## ABOUT THIS EXERCISE
Every record below must be returned word for word, with the pictures left out.

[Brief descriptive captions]
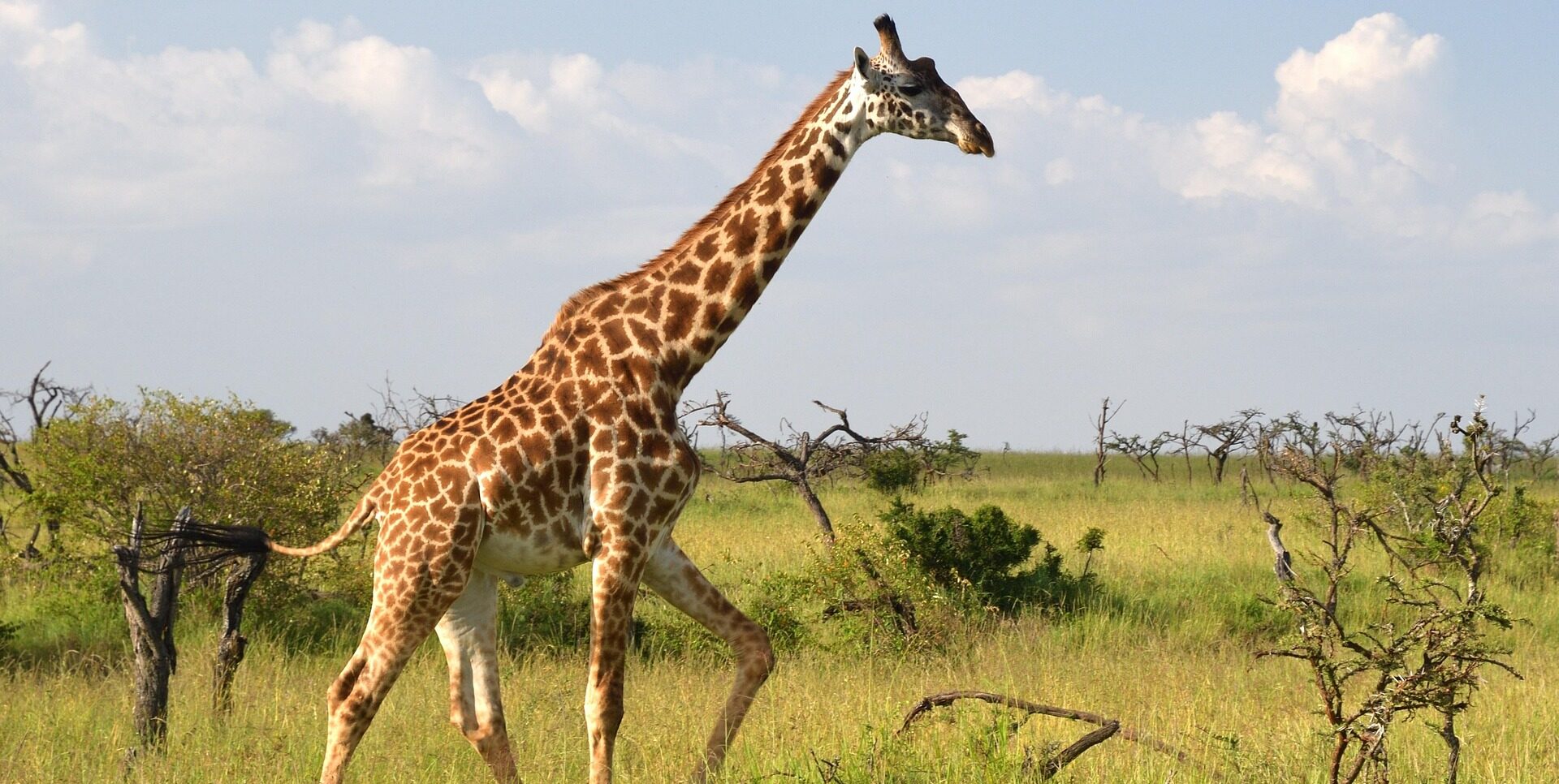 Lumo Community Wildlife Conservancy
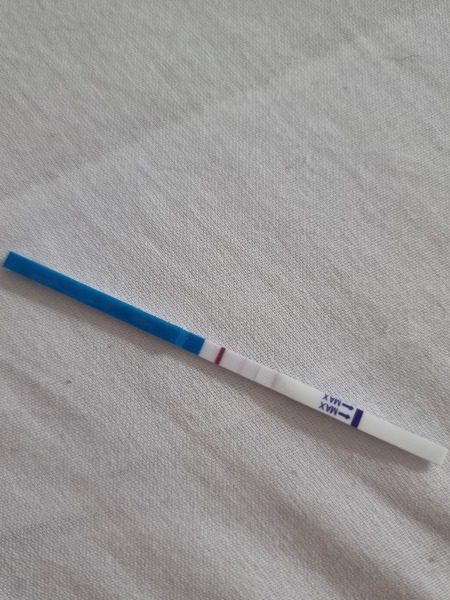First vue pregnancy test poundland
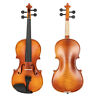 Gv300 Glarry Acoustic Violin Grained Maple Strings Steel Beginners Matte Case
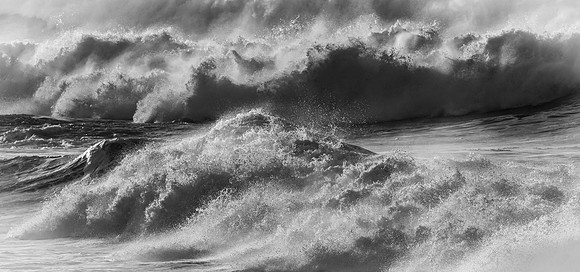 La Jolla Cove 01/09/19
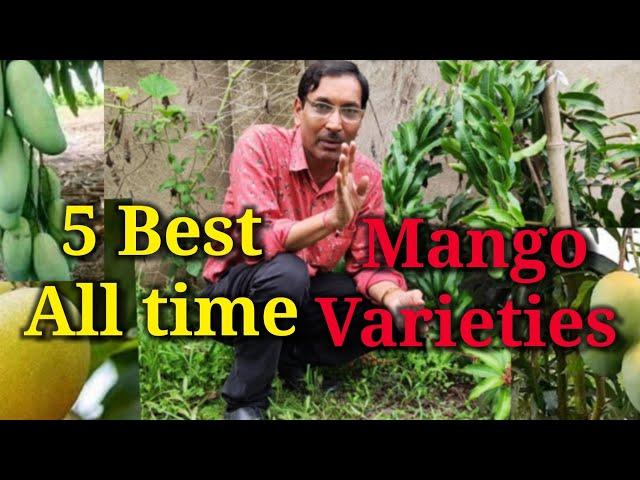 5 Best All time Mango Varieties, You can harvest fruits round the year.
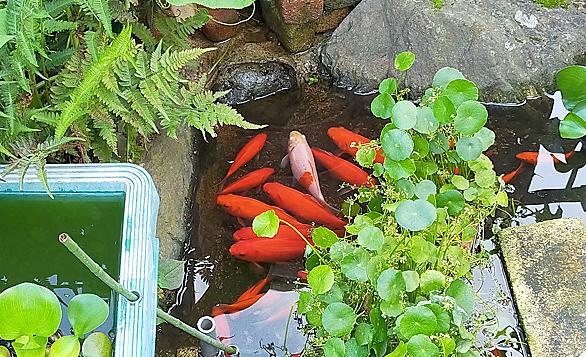 ホテイアオイとは 動植物の人気 最新記事を集めました はてな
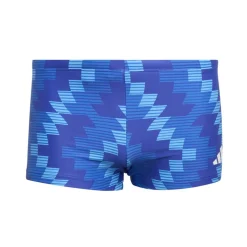 Men's Swimming Trunks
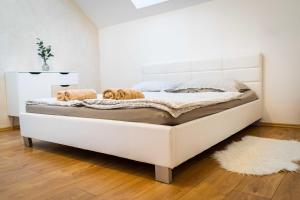 Posteľ alebo postele v izbe v ubytovaní Apartmán ZA-KA 3 ubytování Litovel
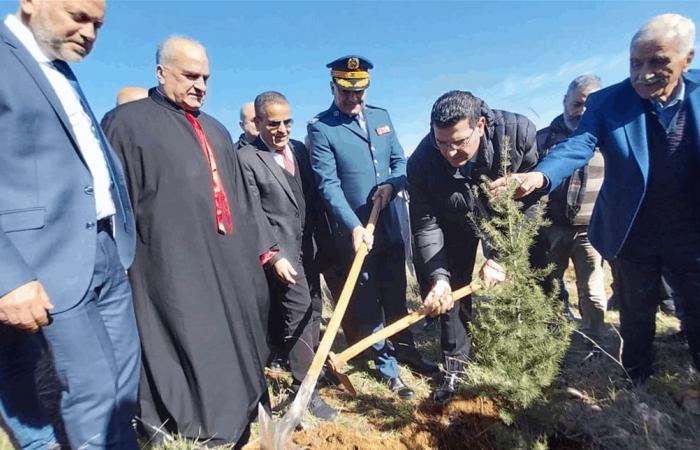 الحاج حسن: ما الذي يمنع من تشكيل الهيئة الناظمة للقنب الهندي؟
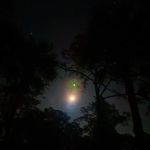 Fish Hawk Pond Campsite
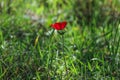 Spring blooming of a single red anemone in the forest Royalty Free Stock Photo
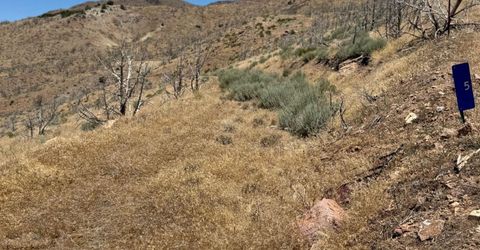 5 Wrangler Road, Reno, NV 89510 Photo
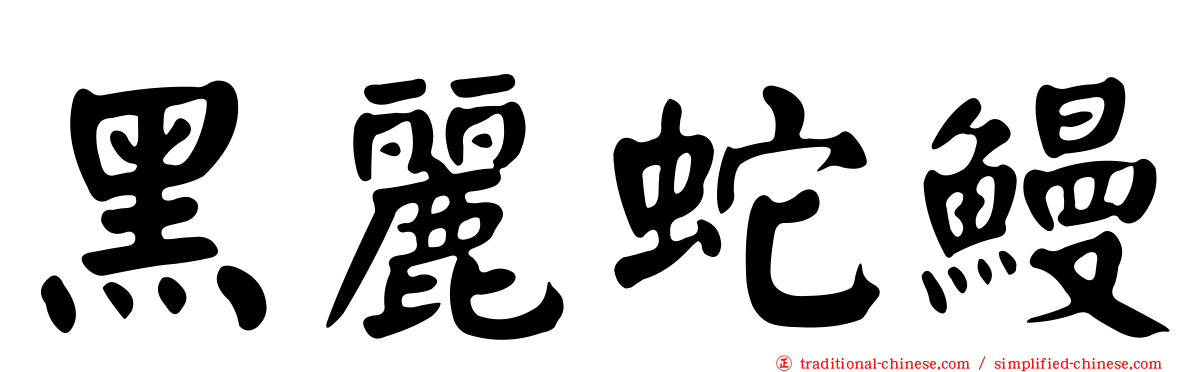 黑麗蛇鰻
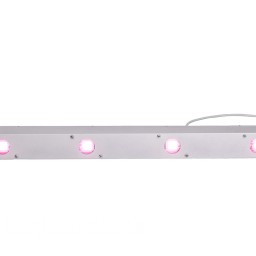 Союз 1 LED - линейный светодиодный фитосветильник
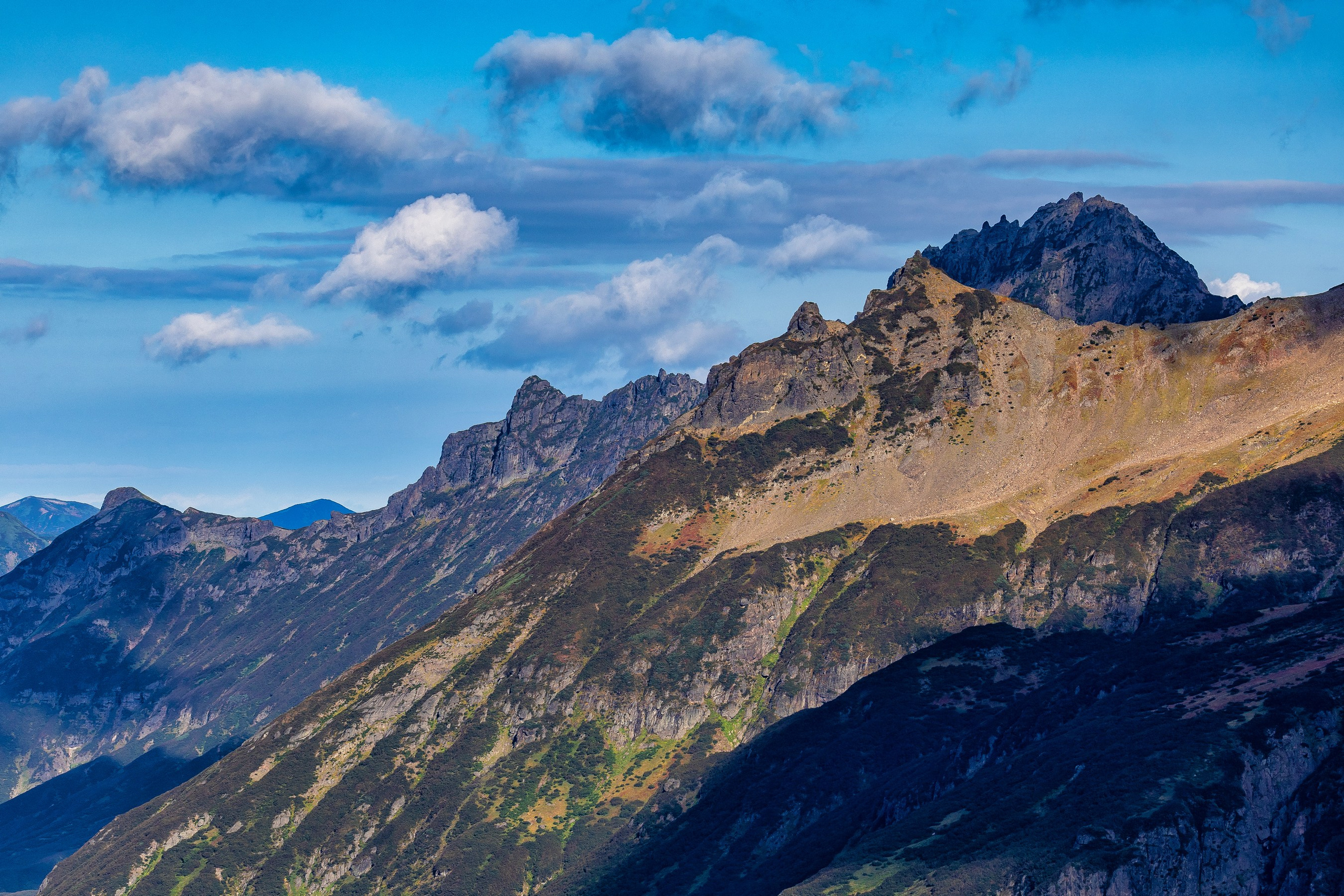 Макс По — фото и видео съемки любого формата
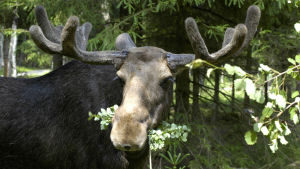 Mums, säger älgen om lövträd och tallar. Speciellt Lovisaträden smakar. En stor älgtjur med horn står vid ett träd och tuggar på blad.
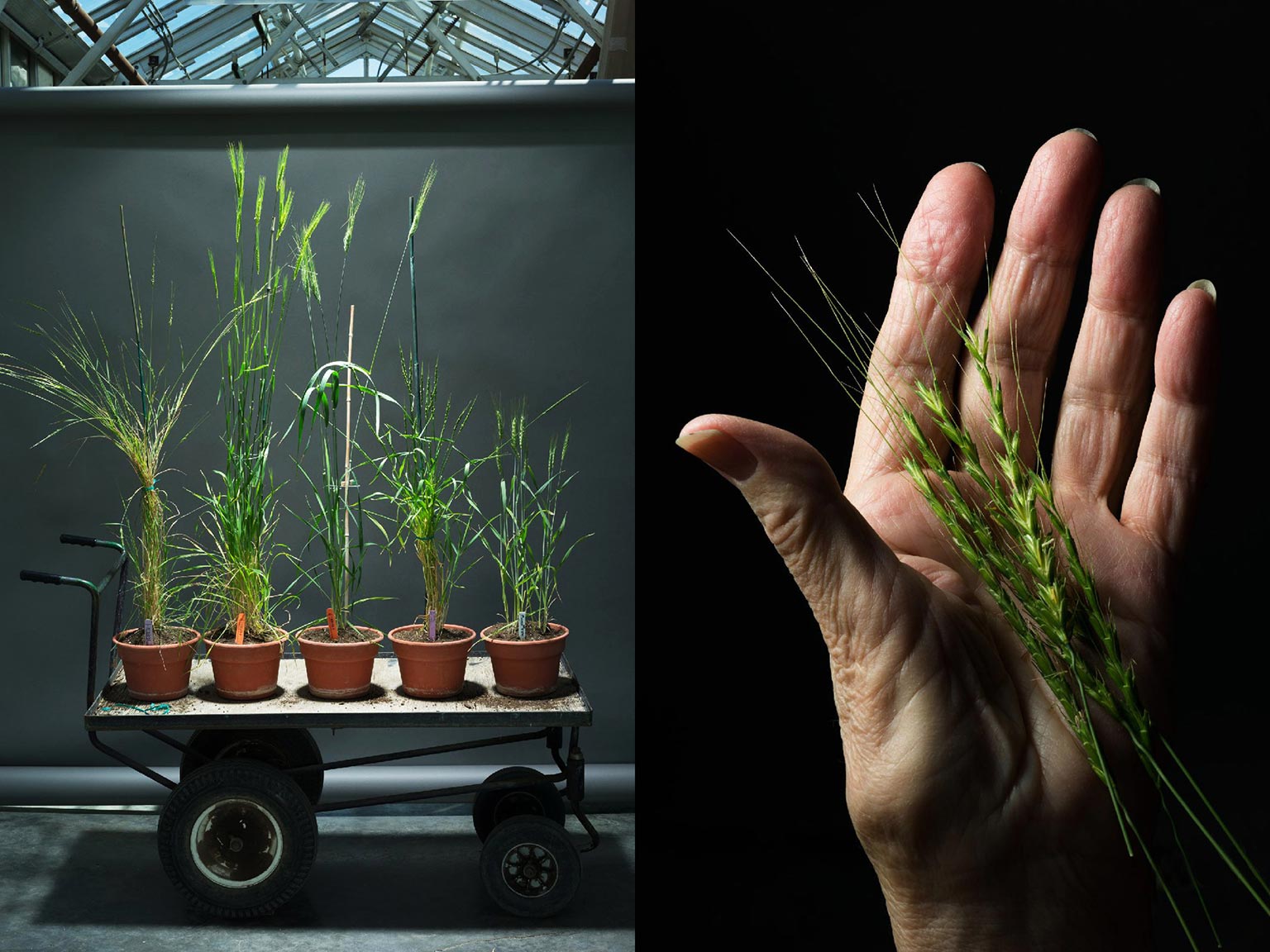 Picture of different varieties of wheat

## OUTPUT FOR THIS TASK
 Lumo Community Wildlife Conservancy
First vue pregnancy test poundland
 Gv300 Glarry Acoustic Violin Grained Maple Strings Steel Beginners Matte Case
 La Jolla Cove 01/09/19
 5 Best All time Mango Varieties, You can harvest fruits round the year.
 ホテイアオイとは 動植物の人気 最新記事を集めました はてな
 Men's Swimming Trunks
 Posteľ alebo postele v izbe v ubytovaní Apartmán ZA-KA 3 ubytování Litovel
 الحاج حسن: ما الذي يمنع من تشكيل الهيئة الناظمة للقنب الهندي؟
 Fish Hawk Pond Campsite
 Spring blooming of a single red anemone in the forest Royalty Free Stock Photo
 5 Wrangler Road, Reno, NV 89510 Photo
 黑麗蛇鰻
 Союз 1 LED - линейный светодиодный фитосветильник
 Макс По — фото и видео съемки любого формата
 Mums, säger älgen om lövträd och tallar. Speciellt Lovisaträden smakar. En stor älgtjur med horn står vid ett träd och tuggar på blad.
 Picture of different varieties of wheat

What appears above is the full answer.